Now, I can bake a mean cookie if I do say so myself. But, with the exception of the Holiday Season of 2006, in which I was nesting and very close to giving birth to my lovely daughter and so I baked somewhere in the vicinity of 14 different kinds of cookies, some of which have no ties to the Christmas holiday at all, and made it so nothing besides cookies could fit in our freezer for weeks afterward, I don't usually come close to the sheer volume of baked goods that my 72-year-old Grandma can generate each and every year. (One of my favorite memories of late November 2006 is waddling through Barnes and Noble with my sister Abby, who found me in the cookbook aisle yet again, perusing Martha Stewart's Christmas Cookie Collection. Abby staged her own version of a one-man Intervention and basically told me that if she wasn't able to start storing her soy products in the freezer any time soon, she'd be moving out and wouldn't I be in a world of hurt then? Who was going to roll me down the street to Dairy Queen, huh? QUIT WITH THE COOKIE BAKING ALREADY.)
This year, I have partnered with the matriarch of the family and Abby will be thrilled to hear that my house is quickly becoming Cookie Central once again.
Grandma dropped off her cookie sheets and a tub of chocolate cookie batter yesterday, which I wasted no time turning in to a batch of yummy chocolate mint cookies. And, you guys? I am not joking when I tell you that I made the best batch of spritz cookies I've ever tasted this morning. Seriously, I think it might be the cookie sheets...like some type of 1960's Teflon-coated magic. The trick--and I'm beginning to wonder why this tidbit of knowledge has been withheld from me for all these many years--is to keep your cookie sheets in the fridge between batches of the yummy little butter cookies, so the butter doesn't begin to melt before hitting the oven. They melt in your mouth and totally make all the work that goes in to cleaning the f***ing cookie press afterward worth it. Serious.

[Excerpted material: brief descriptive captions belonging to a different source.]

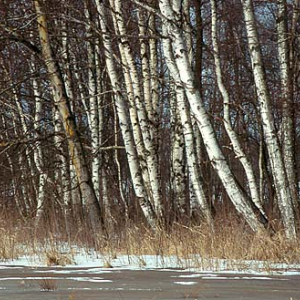 drzewo dia 135 diapozytyw poziom las aura snieg zima zima m0401236  39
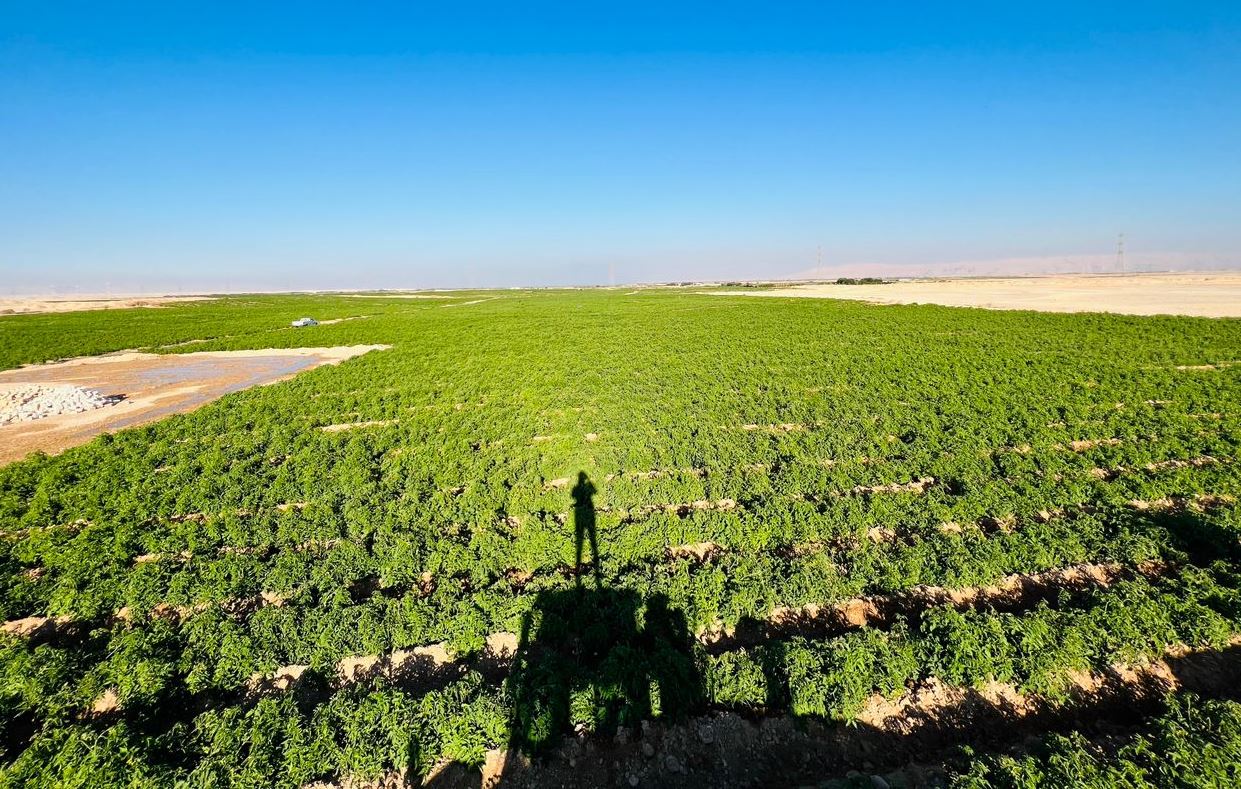 الصحراء الغربية بالأقصر تتحول للون الأخضر بالمشروعات الزراعية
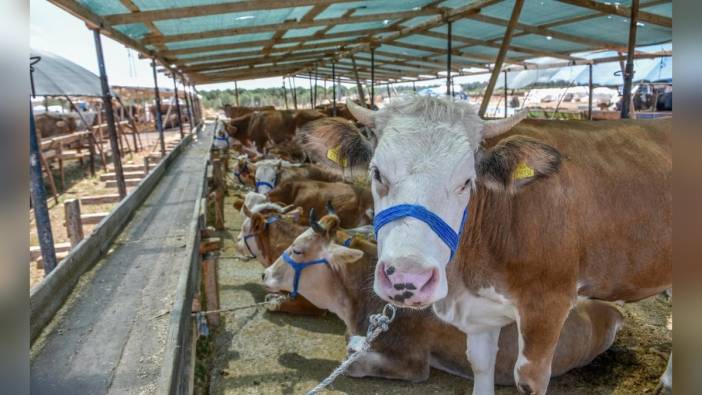 Tüketiciler Birliği'nden kurbanlık alışverişi uyarısı: 'İnternet ilanlarına dikkat'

Grandma, I'll be returning your cookie sheets sometime in January.
Maybe.
2 comments:
We're big cookie bakers here too, but you've got us beat! Cutting back this year because of the damn diabetes, but really, it's just not Christmas without cookies!
Why didn't I hear about the cookie sheet in the freezer thing either? I'm just about to set out on my cooking adventure. Thank god for Sunset magazine: "Four cookies from one batter!!"